Откровенно говоря, я не читал "Моцарта и Сальери". В программе этого не было, а по внеклассному чтению как-то не успел. Но я все же имел представление об этой вещи. Я знал, что там Сальери отравляет ядом своего лучшего друга Моцарта. Бывают такие дружки.

— Ну? — на всякий случай переспросил я.

— Так вот, — жестко сказал Гошка. — Потянуло меня, старик, на чистую алгебру. Без гармонии, без музычки… Буду готовиться в университет, на физфак.

— Брось, — не поверил я.

— Это решено, Женька. Только вот конкурс там страшенный. — Он вздохнул. — Придется с осени идти в вечернюю…

3

Осенью многие ребята из нашего класса записались в вечернюю школу.

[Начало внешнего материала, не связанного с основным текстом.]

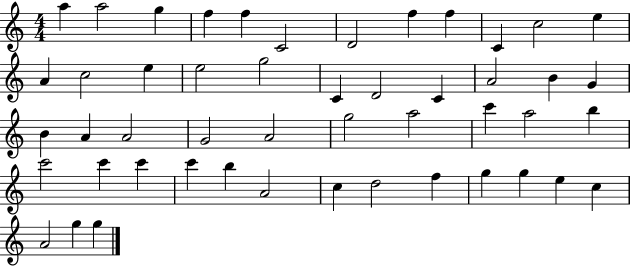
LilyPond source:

{
  \clef treble
  \numericTimeSignature
  \time 4/4
  \key c \major
  a''4 a''2 g''4 | f''4 f''4 c'2 | d'2 f''4 f''4 | c'4 c''2 e''4 | \break a'4 c''2 e''4 | e''2 g''2 | c'4 d'2 c'4 | a'2 b'4 g'4 | \break b'4 a'4 a'2 | g'2 a'2 | g''2 a''2 | c'''4 a''2 b''4 | \break c'''2 c'''4 c'''4 | c'''4 b''4 a'2 | c''4 d''2 f''4 | g''4 g''4 e''4 c''4 | \break a'2 g''4 g''4 | \bar "|."
}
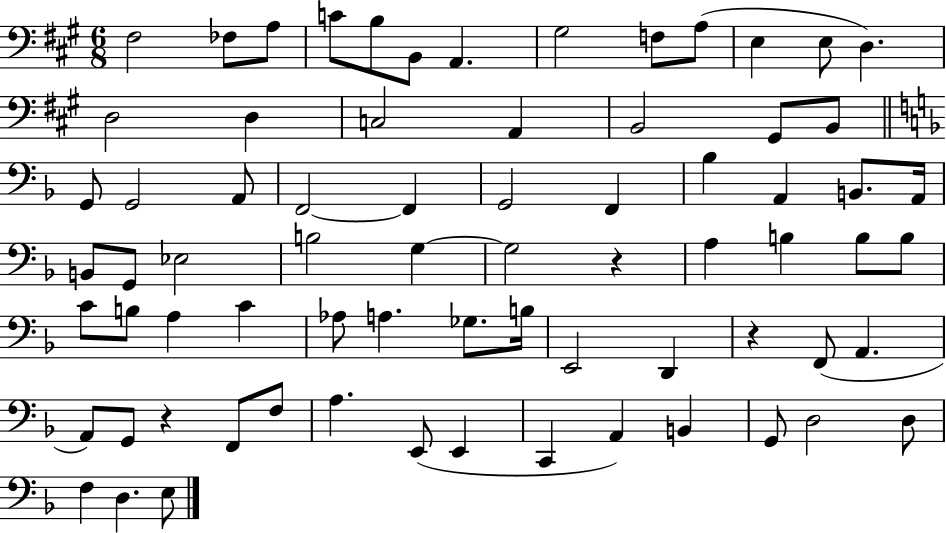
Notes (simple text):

F#3/h FES3/e A3/e C4/e B3/e B2/e A2/q. G#3/h F3/e A3/e E3/q E3/e D3/q. D3/h D3/q C3/h A2/q B2/h G#2/e B2/e G2/e G2/h A2/e F2/h F2/q G2/h F2/q Bb3/q A2/q B2/e. A2/s B2/e G2/e Eb3/h B3/h G3/q G3/h R/q A3/q B3/q B3/e B3/e C4/e B3/e A3/q C4/q Ab3/e A3/q. Gb3/e. B3/s E2/h D2/q R/q F2/e A2/q. A2/e G2/e R/q F2/e F3/e A3/q. E2/e E2/q C2/q A2/q B2/q G2/e D3/h D3/e F3/q D3/q. E3/e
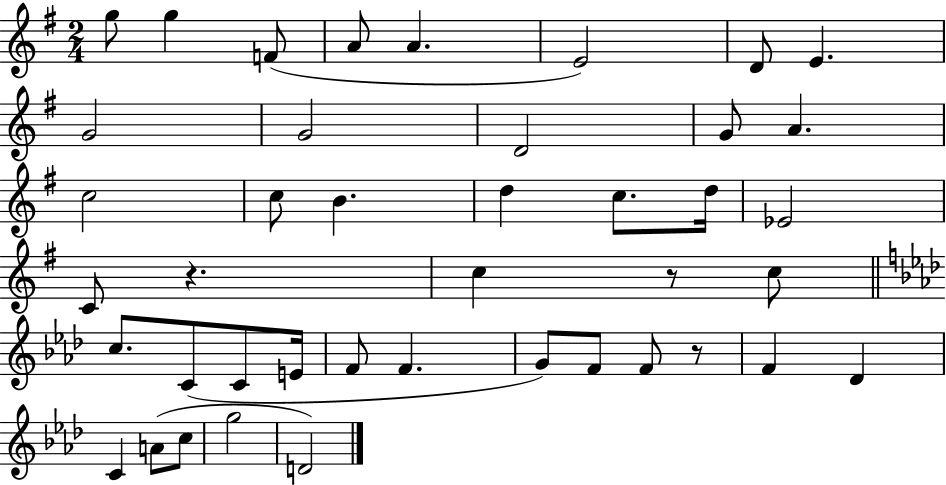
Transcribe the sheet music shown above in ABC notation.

X:1
T:Untitled
M:2/4
L:1/4
K:G
g/2 g F/2 A/2 A E2 D/2 E G2 G2 D2 G/2 A c2 c/2 B d c/2 d/4 _E2 C/2 z c z/2 c/2 c/2 C/2 C/2 E/4 F/2 F G/2 F/2 F/2 z/2 F _D C A/2 c/2 g2 D2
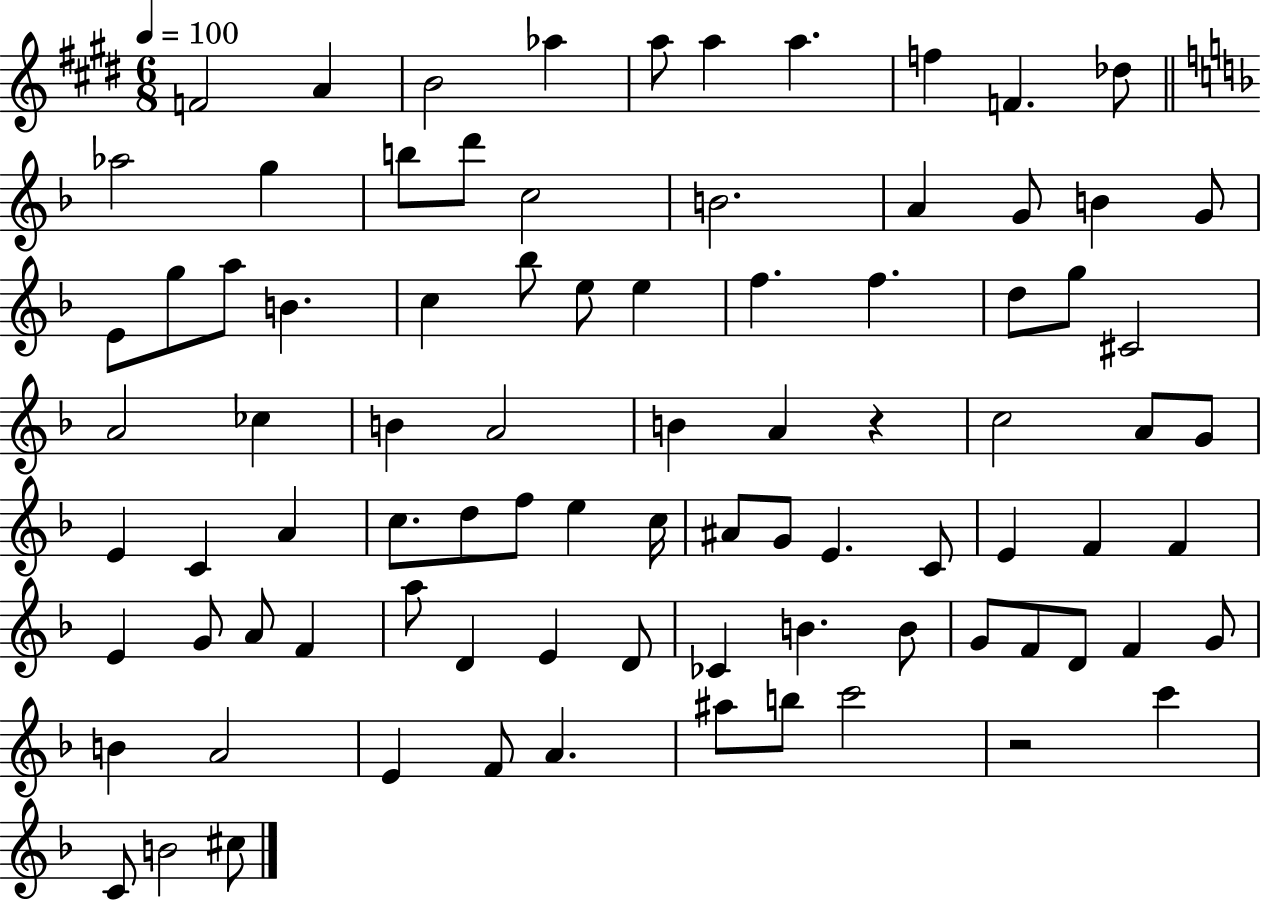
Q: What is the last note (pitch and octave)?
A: C#5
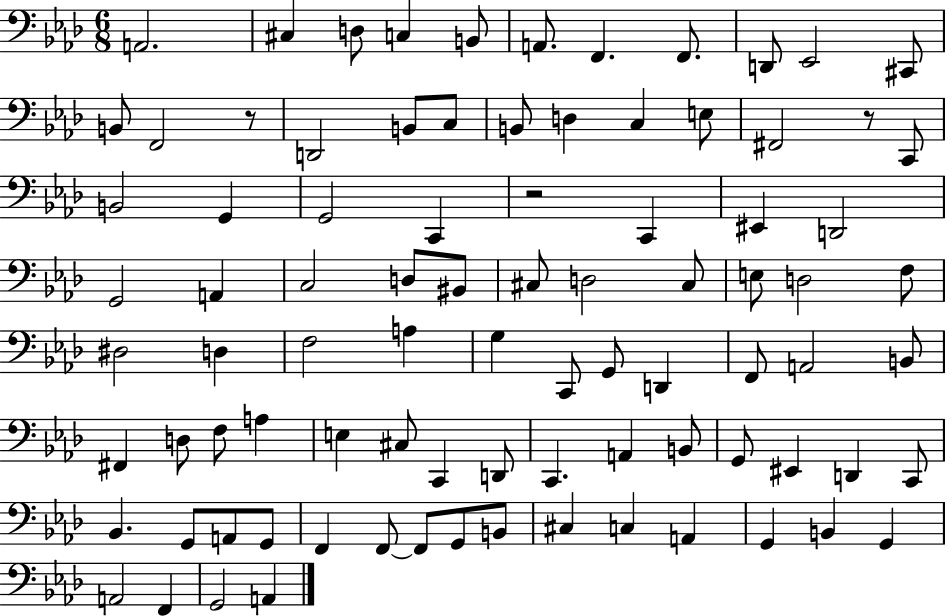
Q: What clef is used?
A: bass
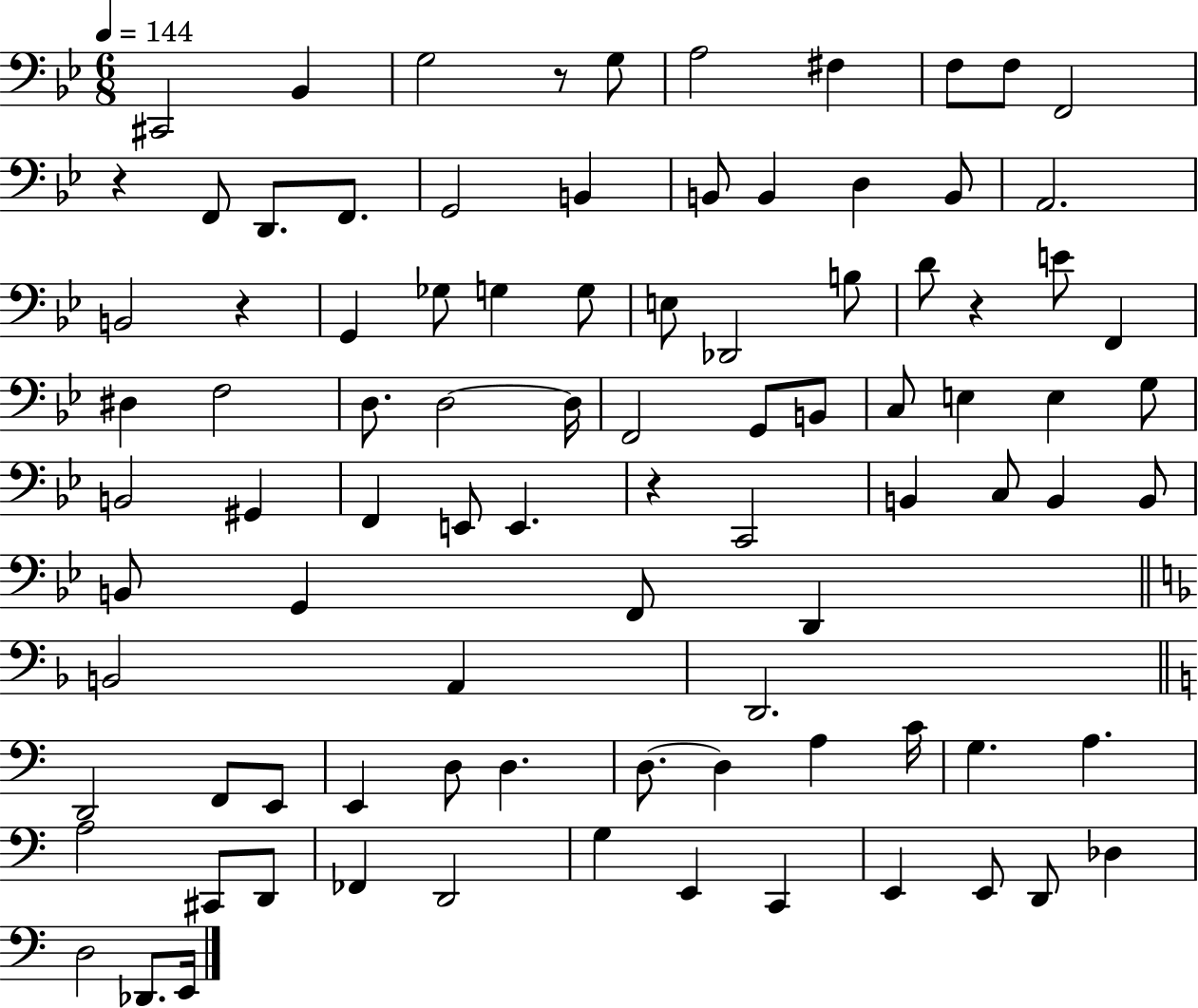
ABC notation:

X:1
T:Untitled
M:6/8
L:1/4
K:Bb
^C,,2 _B,, G,2 z/2 G,/2 A,2 ^F, F,/2 F,/2 F,,2 z F,,/2 D,,/2 F,,/2 G,,2 B,, B,,/2 B,, D, B,,/2 A,,2 B,,2 z G,, _G,/2 G, G,/2 E,/2 _D,,2 B,/2 D/2 z E/2 F,, ^D, F,2 D,/2 D,2 D,/4 F,,2 G,,/2 B,,/2 C,/2 E, E, G,/2 B,,2 ^G,, F,, E,,/2 E,, z C,,2 B,, C,/2 B,, B,,/2 B,,/2 G,, F,,/2 D,, B,,2 A,, D,,2 D,,2 F,,/2 E,,/2 E,, D,/2 D, D,/2 D, A, C/4 G, A, A,2 ^C,,/2 D,,/2 _F,, D,,2 G, E,, C,, E,, E,,/2 D,,/2 _D, D,2 _D,,/2 E,,/4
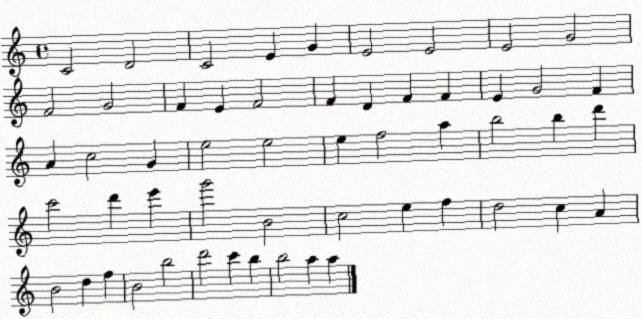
X:1
T:Untitled
M:4/4
L:1/4
K:C
C2 D2 C2 E G E2 E2 E2 G2 F2 G2 F E F2 F D F F E G2 F A c2 G e2 e2 e f2 a b2 b d' c'2 d' e' g'2 B2 c2 e f d2 c A B2 d f B2 b2 d'2 c' b b2 a a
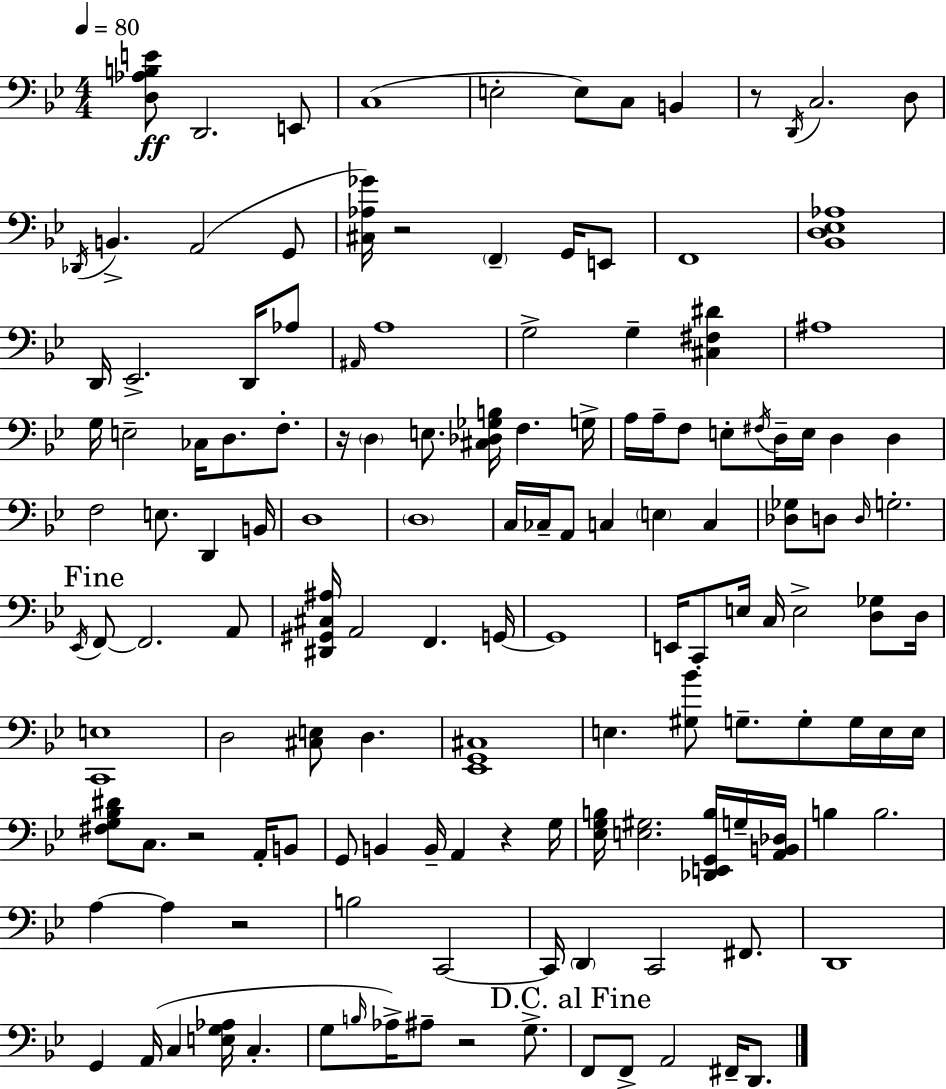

Благо, что рядом — и даже не рядом, а в том самом здании, где и наше общежитие, только вход с другой стороны. И все равно нелегкую ношу взвалили они себе на плечи: учись тут да учись там, туда и сюда одинаково надо готовить уроки…

Записался Гошка Вяземский. Записался Витюха Титаренко. Еще кое-кто из нашей безголосой отныне братии.

А я не записывался.

Некоторых, вероятно, удивит: ну зачем ребятам, которые уже учатся в одном заведении, начинать учебу в другом? Откуда эта безумная тяга к знаниям?

Тут все и просто и непросто.

Дело в том, что при выпуске нам не дают аттестатов зрелости. У нас ведь не обычная школа и даже не специальная школа, а училище — хоровое музыкальное училище. Нас выпускают отсюда готовыми специалистами. И вместо аттестата зрелости вручают документ, где гербовой печатью удостоверено, что ты проучился десять лет в музыкальном училище и стал заправским музыкантом: сам ученый — и других имеешь право учить.